## Your task
Omit the pictures from the entries below and retype everything else exactly.

## Records
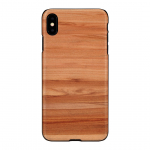 MAN AND WOOD SmartPhone case iPhone XS Max cappuccino black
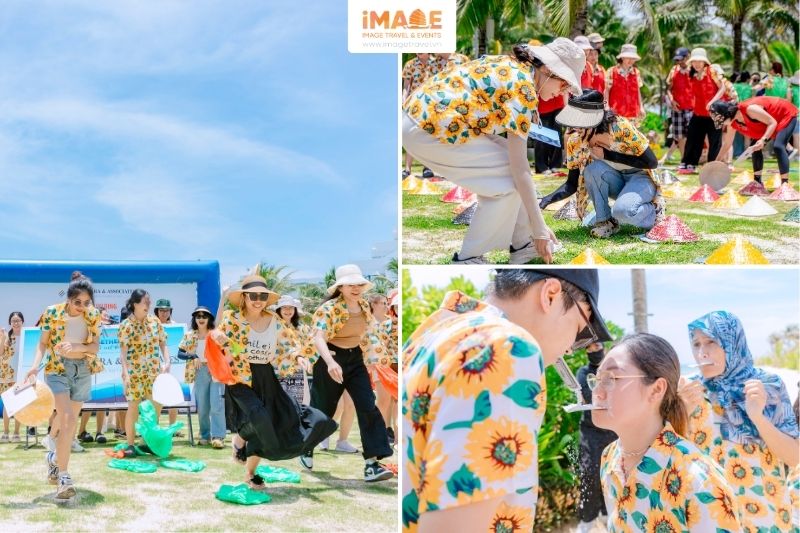 Team Building Trên Biển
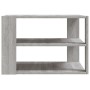 Mesa de centro madera de ingeniería gris Sonoma 59,5x59,5x40 cm de , Mesas de centro - Ref: Foro24-834255, Precio: 52,89 €, D...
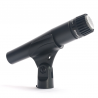 Micrófono profesional de Metal dinámico SM57LC para instrumentos  (incluye cable, clip y estuche)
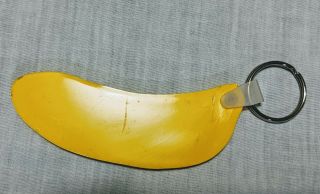 Chiquita Banana Key Chain 3.  5 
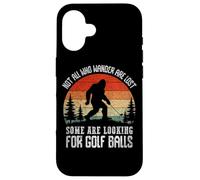No Todos los Que deambulan Son Pelotas de Golf perdidas Carcasa para iPhone 16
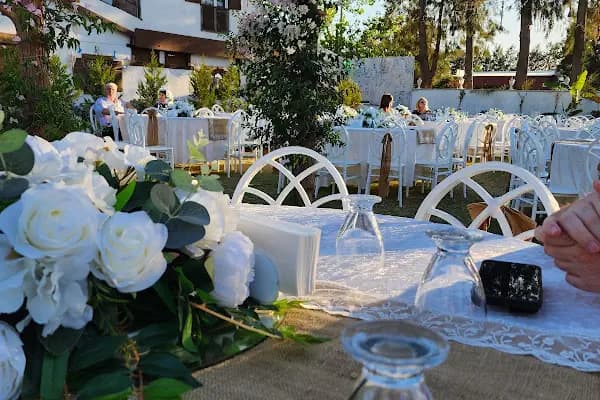 Garden Life Kır Bahçesi & Kapalı Düğün Salonu - Düğün Salonu - İzmir Aliağa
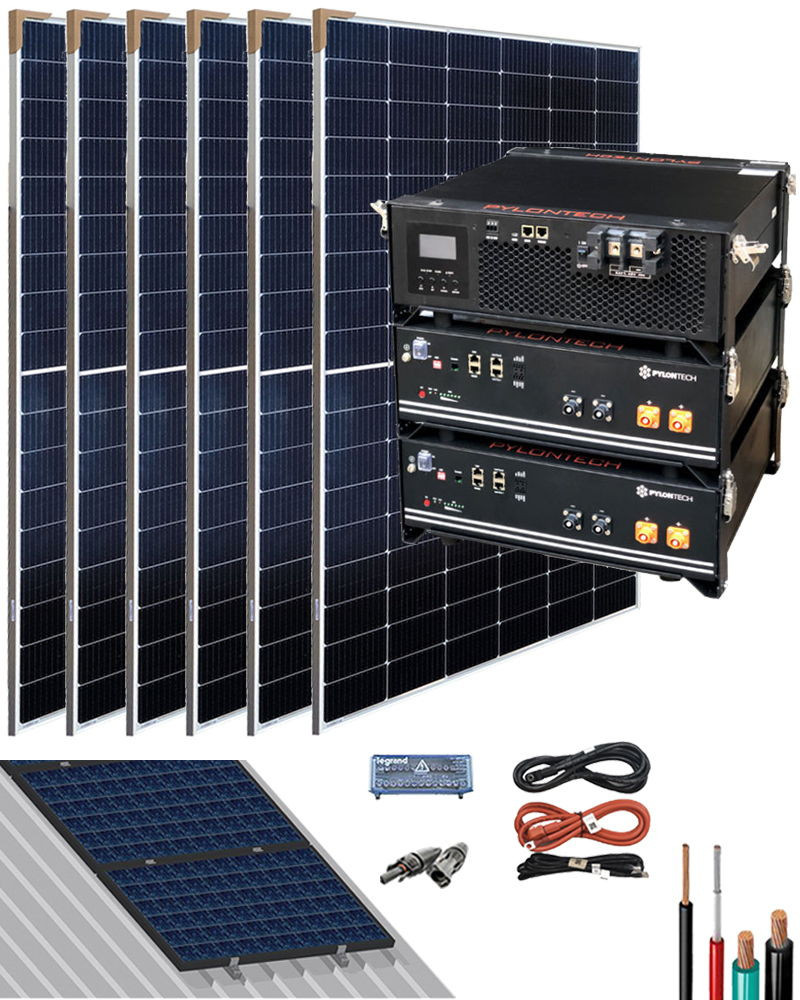 kit solar 5kw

## Result for this task
 MAN AND WOOD SmartPhone case iPhone XS Max cappuccino black
 Team Building Trên Biển
 Mesa de centro madera de ingeniería gris Sonoma 59,5x59,5x40 cm de , Mesas de centro - Ref: Foro24-834255, Precio: 52,89 €, D...
 Micrófono profesional de Metal dinámico SM57LC para instrumentos  (incluye cable, clip y estuche)
 Chiquita Banana Key Chain 3.  5 
No Todos los Que deambulan Son Pelotas de Golf perdidas Carcasa para iPhone 16
 Garden Life Kır Bahçesi & Kapalı Düğün Salonu - Düğün Salonu - İzmir Aliağa
 kit solar 5kw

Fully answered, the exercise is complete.